Em termos práticos, a turma/órgão julgador aplicou a regra da responsabilidade objetiva sui generis no âmbito trabalhista, ou, ao menos, uma valoração da culpa patronal que se mostrou determinante. Foi acolhido o pedido de reparação pelos danos sofridos, tanto materiais (quando demonstrados) quanto morais, na medida em que o acidente comprometeu a integridade física e a capacidade laborativa da empregada.
Base normativa e precedentes
- Art. 7º, CF/88 — consagra direitos dos trabalhadores e a proteção contra riscos inerentes ao trabalho, orientando a interpretação protetiva.
- CLT (Consolidação das Leis do Trabalho, Decreto-Lei 5.452/1943) — prevista a responsabilização do empregador por acidentes de trabalho e a obrigação de adotar medidas de segurança e precaução.
- Art. 927, Código Civil (Lei 10.406/2002) — princípio da obrigação de reparar o dano àquele que causar prejuízo a outrem, aplicável subsidiariamente às relações trabalhistas quando cabível a responsabilidade civil.
- Normas regulamentadoras (NRs) do Ministério do Trabalho — estabelecem padrões de prevenção de riscos (aplicabilidade conforme o setor e atividade), reforçando o dever patronal de segurança.
- Jurisprudência consolidada dos tribunais trabalhistas — reconhece que a culpa exclusiva do empregado só afasta a responsabilidade patronal quando incontroversa e suficiente para romper o nexo causal.
Impacto prático
- Para advogados trabalhistas: a decisão reforça argumentos em ações indenizatórias por acidente de trabalho baseados na falha de supervisão, ausência de medidas de prevenção ou tolerância a condutas de risco no ambiente laboral. Exige atenção probatória sobre treinamentos, ordens internas, registros e atuação disciplinar.
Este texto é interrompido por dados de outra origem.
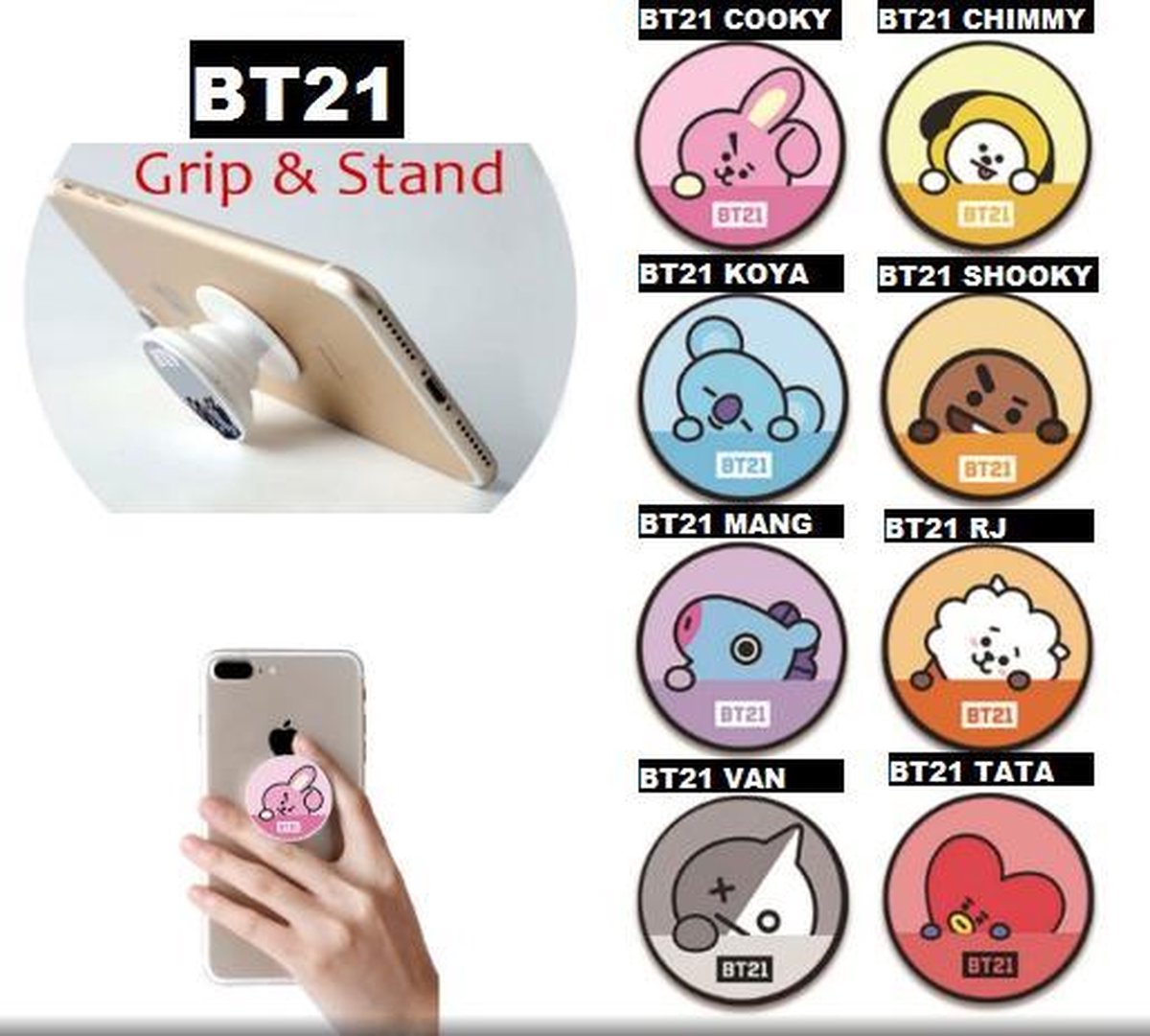 Shooky Cooky Popsocket Popdots BT21 Silicone Mobilegrip/Mobile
- Para empresas e departamentos de compliance: reitera a necessidade de políticas formais de segurança, fiscalização contínua e registro de comunicações disciplinares quando condutas de risco são vedadas. A ausência de prova documental de medidas de prevenção pode ser determinante.
- Para segurados e trabalhadores: amplia a compreensão de que a própria participação no evento danoso não supõe renúncia automática ao direito de ser indenizado; a avaliação é casuística e depende da configuração do nexo e da razoabilidade das medidas patronais.
- Em processos em curso: decisões nesta linha podem influenciar pedidos de prova pericial, produção de prova documental (treinamentos, ordens internas, lavratura de advertências) e estratégias de mediação/negociação.
O que observar
- Valoração da culpa concorrente: é crucial demonstrar se a conduta do empregado foi a causa única e exclusiva do evento. Quando houver dúvida razoável, a responsabilidade patronal tende a persistir.
- Prova do dever de cuidado: empregadores devem manter documentação robusta (instruções, comunicações, treinamentos, inspeções) para demonstrar que adotaram medidas preventivas; a ausência dessa prova enfraquece a defesa.
- Modulação de efeitos e impactos econômicos: eventuais decisões de repercussão poderão ensejar discussão sobre a extensão e critérios de cálculo das indenizações, especialmente se adotada interpretação ampliada da responsabilidade objetiva no ambiente laboral.
- Recursos cabíveis: impugnações por meio de apelação ou recursos ordinários e, conforme o caso, revisão em instância superior; atenção à jurisprudência consolidada do tribunal competente que possa uniformizar o entendimento.
- Riscos para profissionais: advogados patronais devem evitar estratégia centrada em culpas genéricas sem prova; já a advocacia dos trabalhadores deve focar em demonstrar omissão na prevenção e supervisão.
Conclusivamente, a decisão reafirma uma linha interpretativa protetiva ao trabalhador, que exige do empregador padrão de diligência proativo e prova documental das medidas de segurança. A imprudência do empregado não é, por si só, salvo prova robusta em contrário, causa automática de exclusão da responsabilidade patronal.